I have a file with two sets of data divided by a blank line:
a 3
b 2
c 1
e 5
d 8
f 1
Is there a way to find the maximum value of the second column in each set and print the corresponding line with awk ? The result should be:
b 3
d 8
Thank you.
Could you please try following, written and tested based on your shown samples in GNU awk
.
awk '
!NF{
if(max!=""){ print arr[max],max }
max=""
}
{
max=( (max<$2) || (max=="") ? $2 : max )
arr[$2]=$1
}
END{
if(max!=""){ print arr[max],max }
}
' Input_file
Explanation: Adding detailed explanation for above.
awk ' ##Starting awk program from here.
!NF{ ##if NF is NULL then do following.
if(max!=""){ print arr[max],max } ##Checking if max is SET then print arr[max] and max.
max="" ##Nullifying max here.
}
{
max=( (max<$2) || (max=="") ? $2 : max ) ##Checking condition if max is greater than 2nd field then keep it as max or change max value as 2nd field.
arr[$2]=$1 ##Creating arr with 2nd field index and 1st field as value.
}
END{ ##Starting END block of this program from here.
if(max!=""){ print arr[max],max } ##Checking if max is SET then print arr[max] and max.
}
' Input_file ##mentioning Input_file name here.
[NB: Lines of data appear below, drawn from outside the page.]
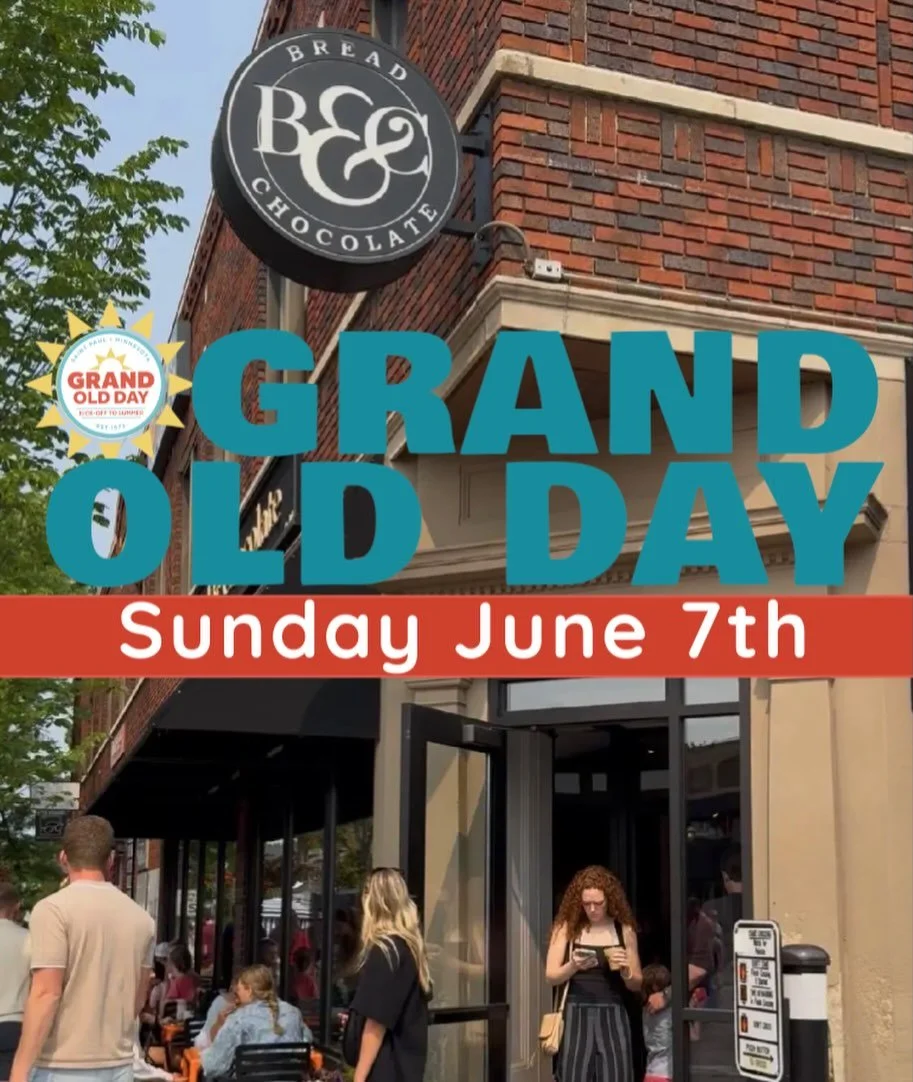 Stop by on Grand Old Day &amp; pick up an iced latte or fresh baked treat! We are open regular hours 7am-6pm. #grandoldday2026 #grandavenuestpaul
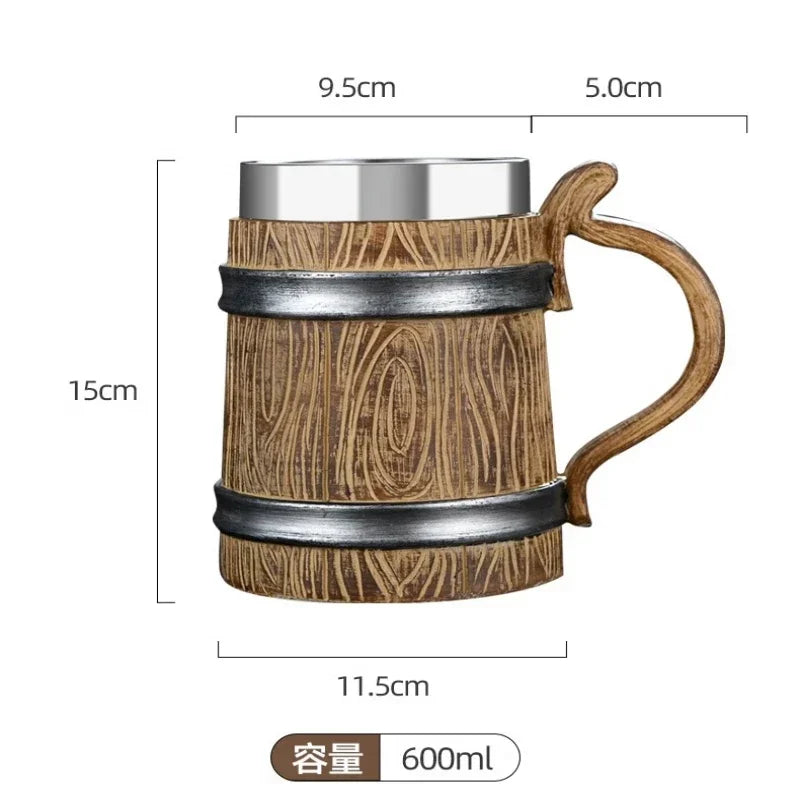 Wooden Beer Mug 600ml Germany Wood Grain 304 Stainless Steel Medieval Tavern Imitation Barrel Tankard Coffee Cup Men Gift Retro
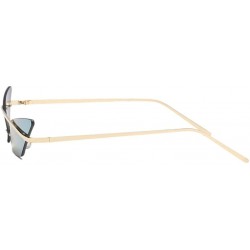 Rimless Retro Small Cat Eye Rimless Sunglasses Metal Frame Transparent Lens - Gold - CH18ZSHOHGU $14.22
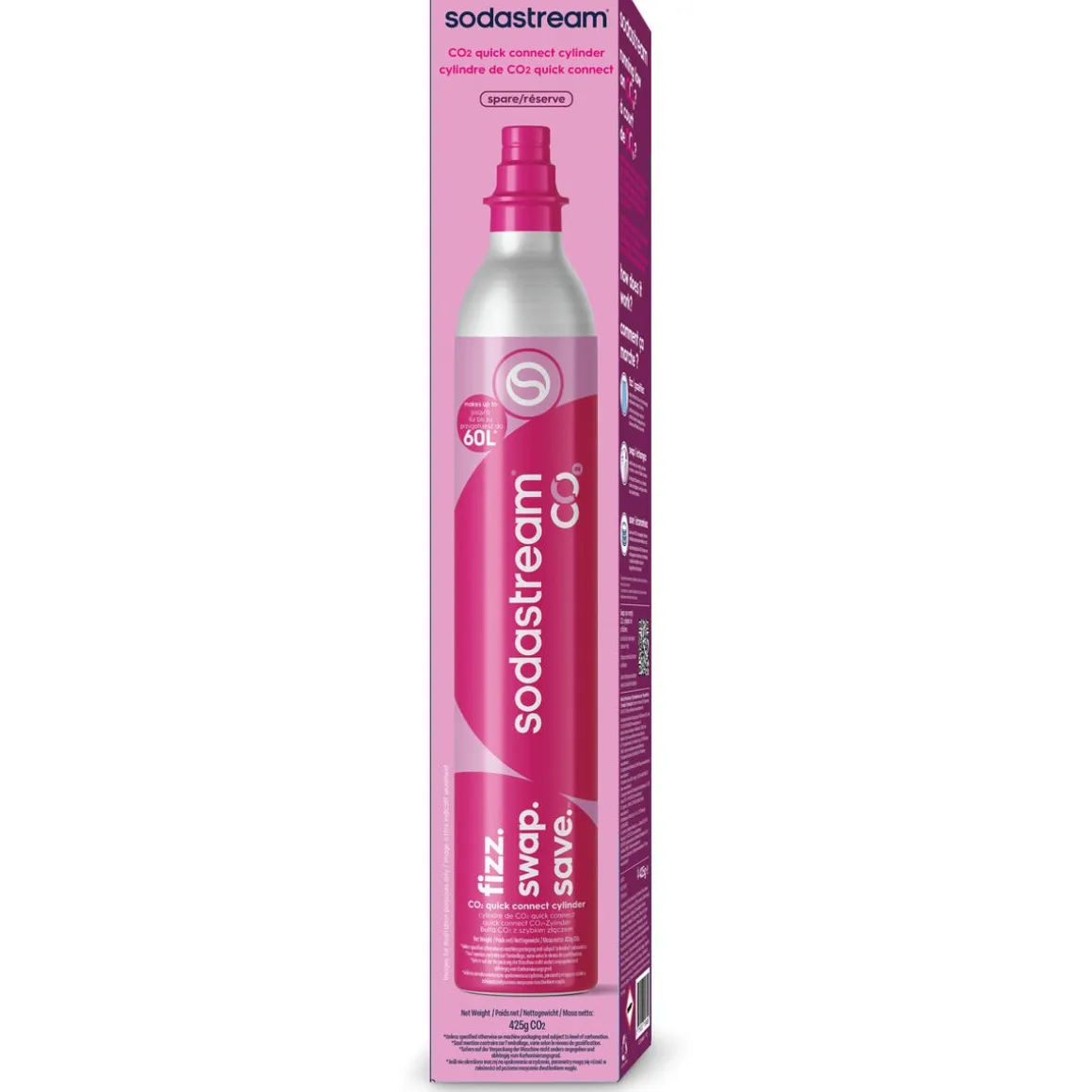 SodaStream Quick Connect kolsyrepatron, 60 liter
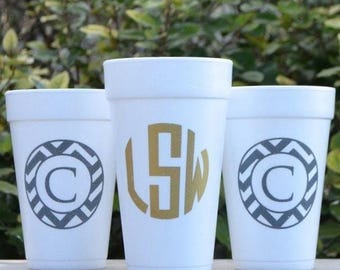 Monogrammed Styrofoam Cups, Personalized Wedding Foam Cups, Customizable Party Cups, Monogrammed Party Favors, Birthday Party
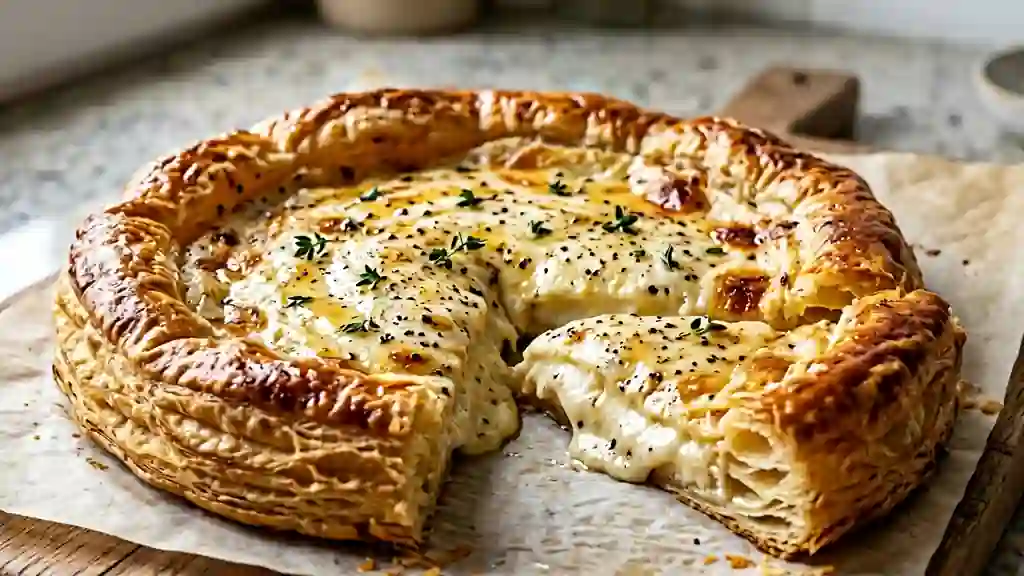 Feuilleté croustillant au chèvre frais et miel - Photo de présentation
I get a syntax error pointing at: arr[$2]=$1
@RIXS, This is a tested solution, could you please copy/paste it properly(make sure
'
single quotes are also there forawk
code) and run it. Also in place of Input_file provide your file name which you want to process by it.Thank you for the comment, I put the code in a separeted awk script and it worked !! But I don't really understand what is going on
@RIXS, I have added detailed explanation for solution, in case of any queries let me know.